This is a rich, really delicious luncheon salad that can be made ahead. It’s a great use of garden-fresh beets.
Sometimes I substitute the feta with crumbled homemade ricotta or ricotta salata. Serves 4.
Ingredients
4 medium sized beets, about 1 ½ pounds
4 slices bacon, room temperature or a bit cooler
4 tablespoons vinaigrette, or oil and vinegar to taste
4 tablespoons chopped scallions (green and white parts)
4 tablespoons crumbled feta cheese
2 tablespoons chopped cilantro or flat-leafed parsley
Salt and freshly ground black pepper to taste
Directions
Wash the beets well and place in a large pot and cover with cold water. Bring to a boil over a high heat. Cook until fork tender, 15 to 20 minutes. Drain but retain the beet water to make Beet Granita (recipe follows). When cool enough to handle, peel and slice the beets.

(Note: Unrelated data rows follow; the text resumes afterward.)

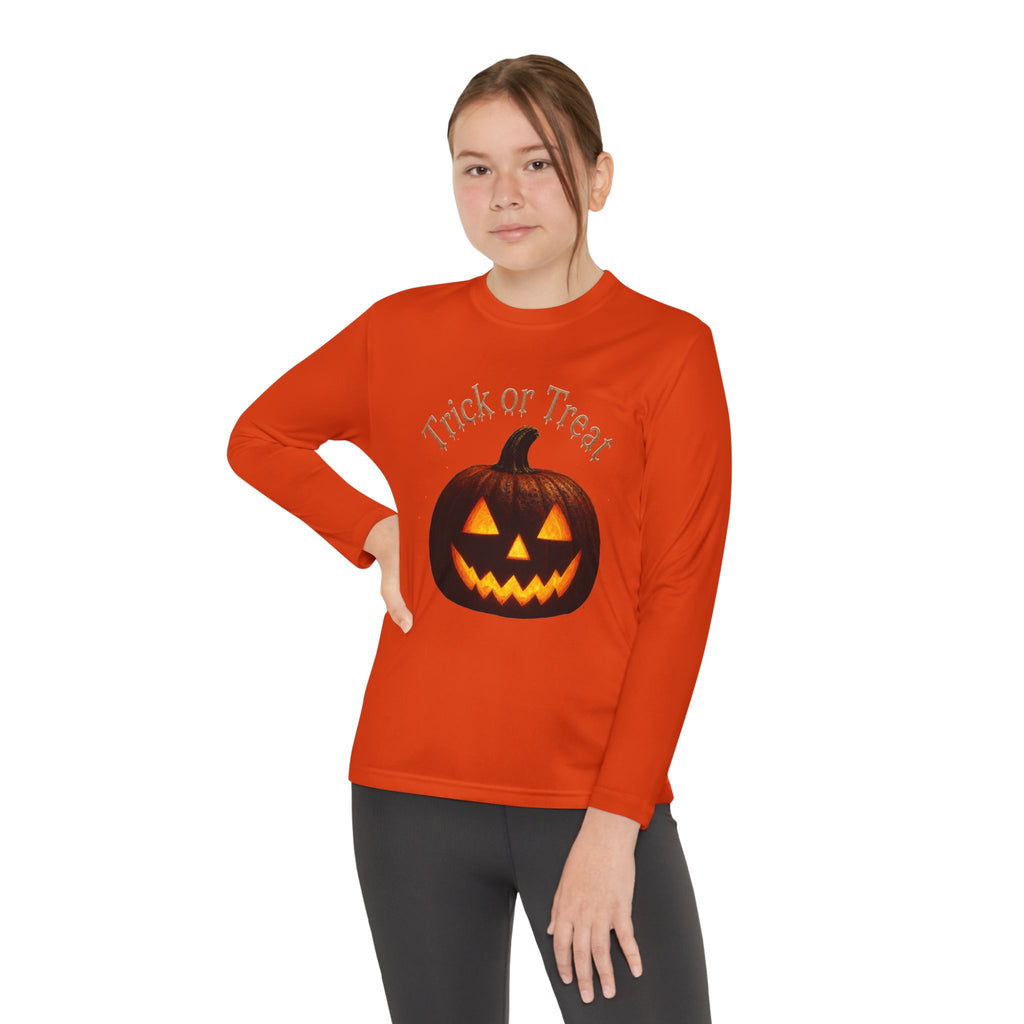 Youth Halloween Pumpkin Long Sleeve Tee - "Trick or Treat"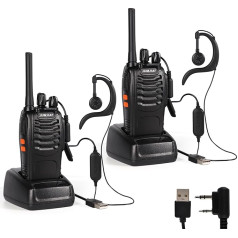 Walkie Talkies PMR446 Long Distance with Headset, JUMJIAT Radios Rechargeable 16 Channel Handheld Radio with Torch (Pack of 2)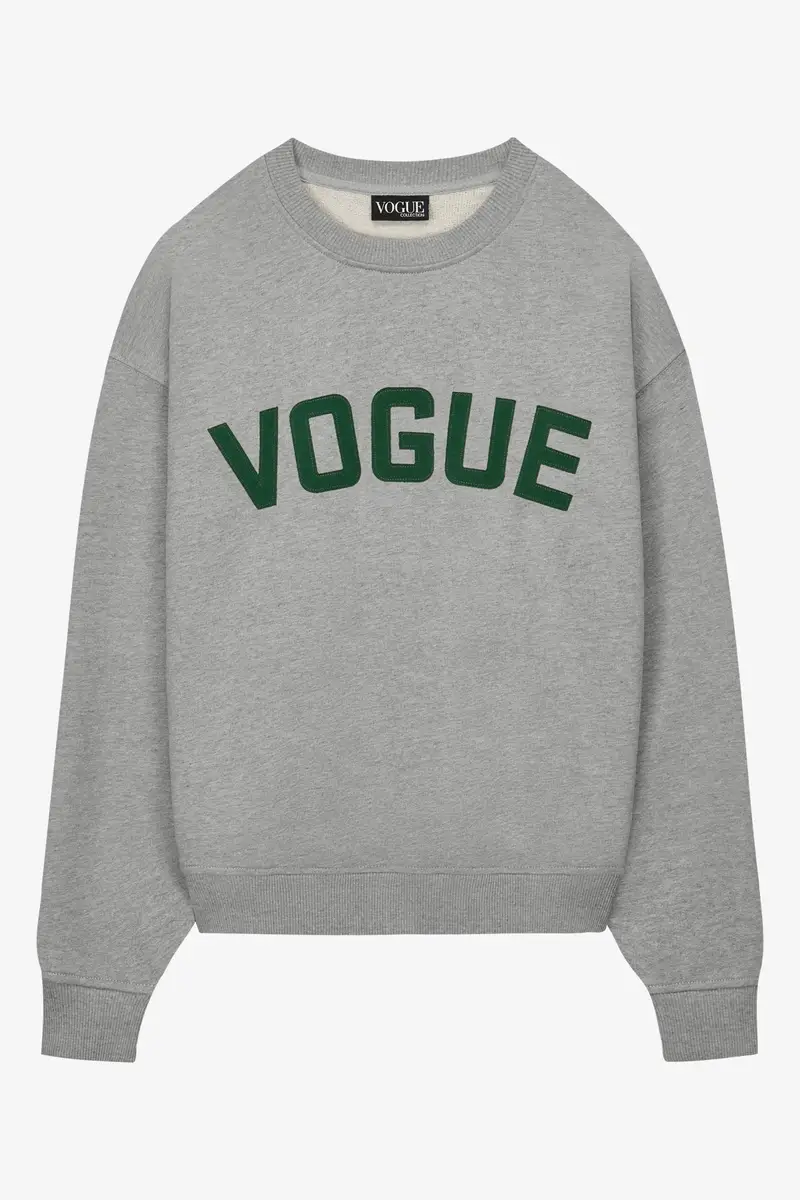 Felpa VOGUE Retro Sports grigia con patch logo college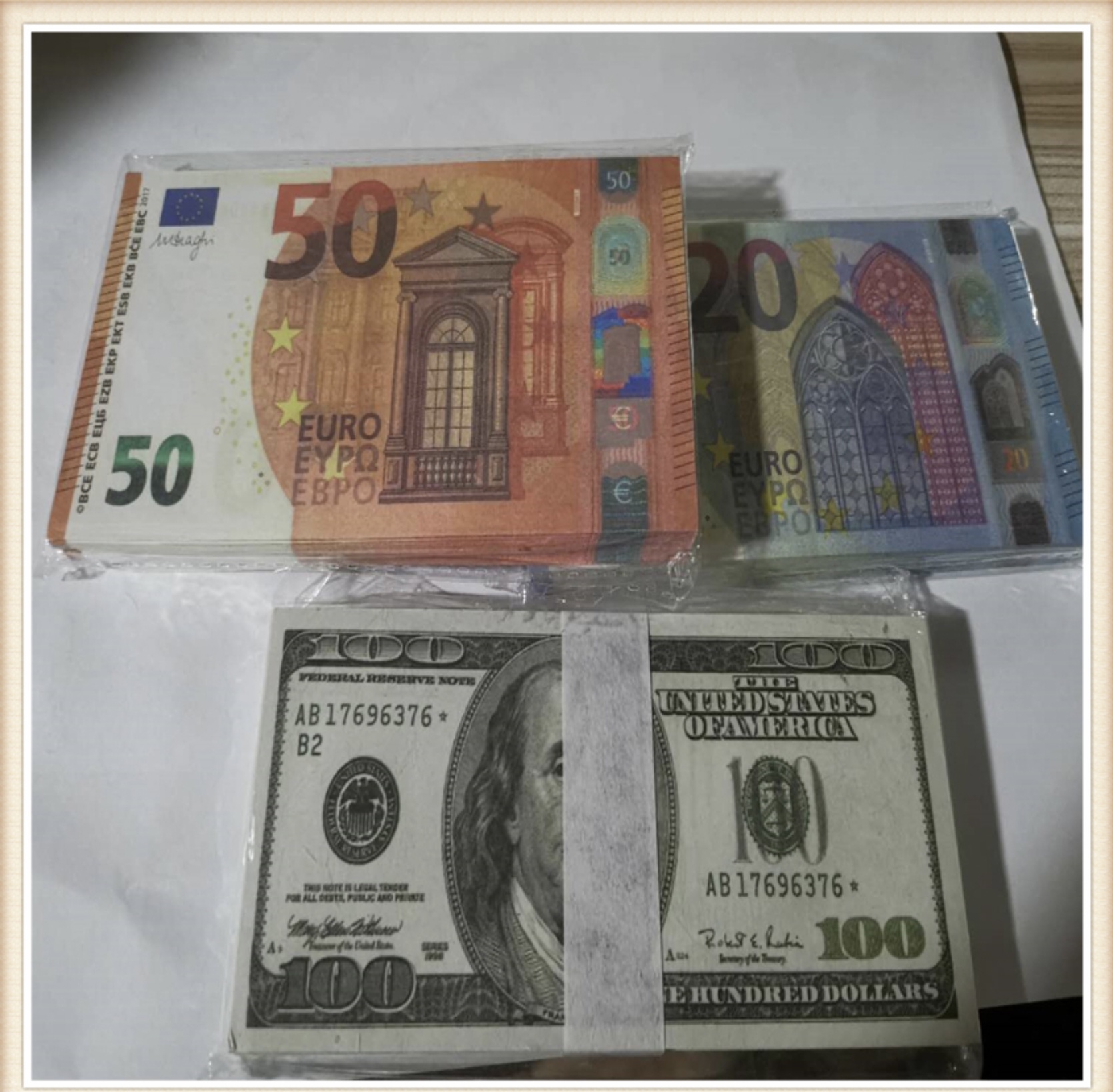 

Wholesale money toy 50 Euro Nightclub emulation family or kid play toys folded banknotes shooting props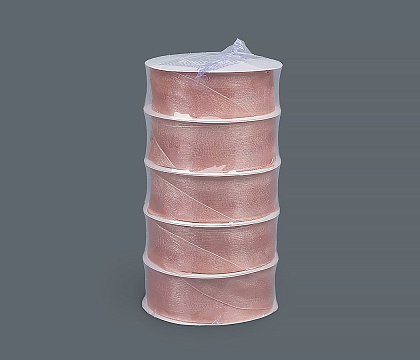 Лента органза на картонн.катушке, 25мм*25ярд, ванильный (5 шт/упак)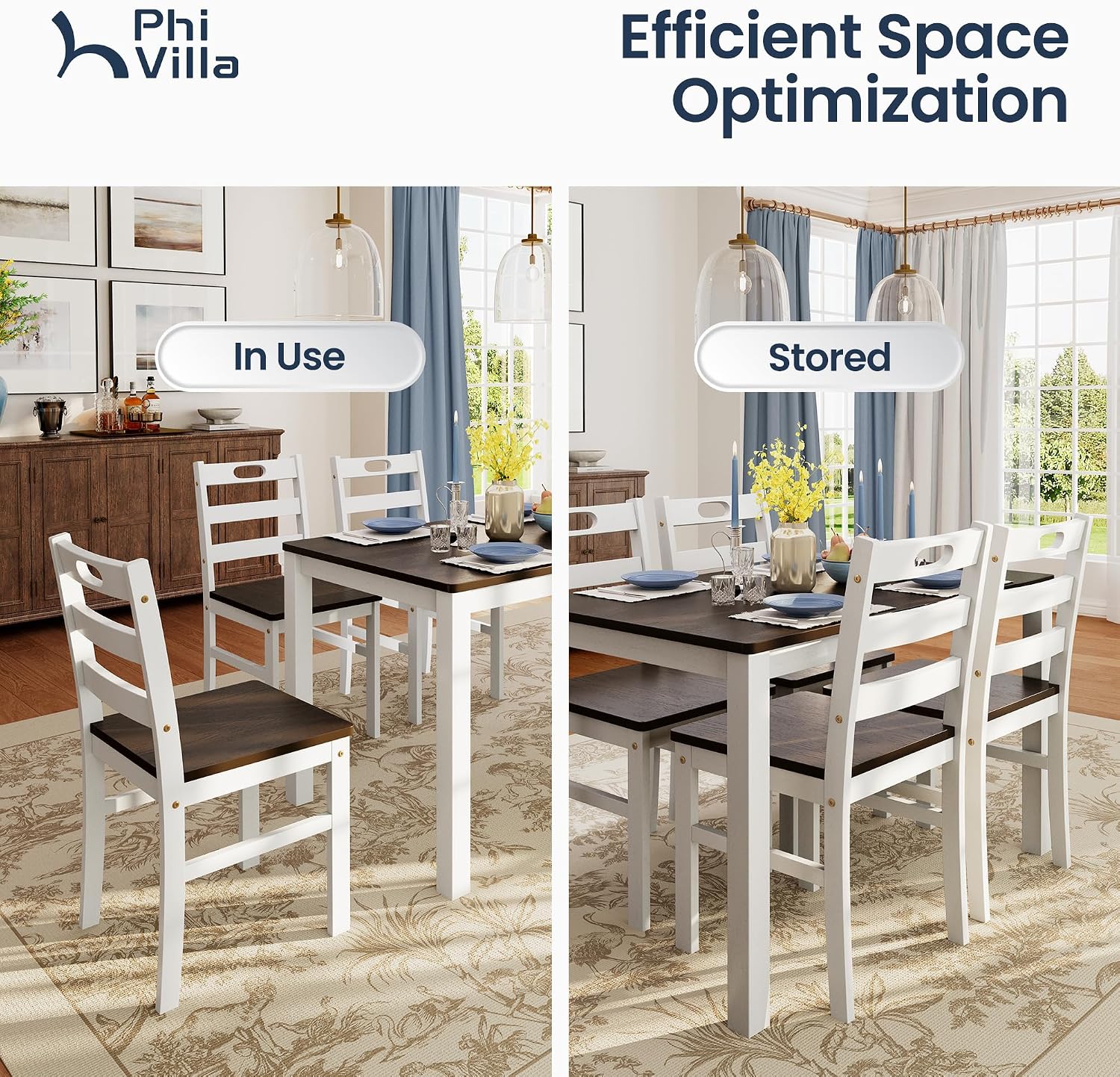 Thumbnail 6 de PHI VILLA Dining Table Set Solid Rubber Wood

(You can also grill the beets: boil them until you can penetrate the beet with a fork tine, but before they are tender. Slice and grill.)
Place the bacon on a rimmed cookie sheet and place in the oven with the beets. Cook for 10 to 15 minutes. Drain the bacon on paper towels or brown paper bags, and then crumble the bacon. You can also fry the bacon in a skillet over a medium heat on top of the stove until brown, then drain.
When the beets are cool enough to handle, peel and slice. Toss the beets in a bowl with the vinaigrette or olive oil and vinegar to taste.
On a serving platter arrange the sliced beets. Garnish with the feta cheese, scallions, bacon, and cilantro. Season to taste (be careful: both the feta and bacon may already be quite salty.)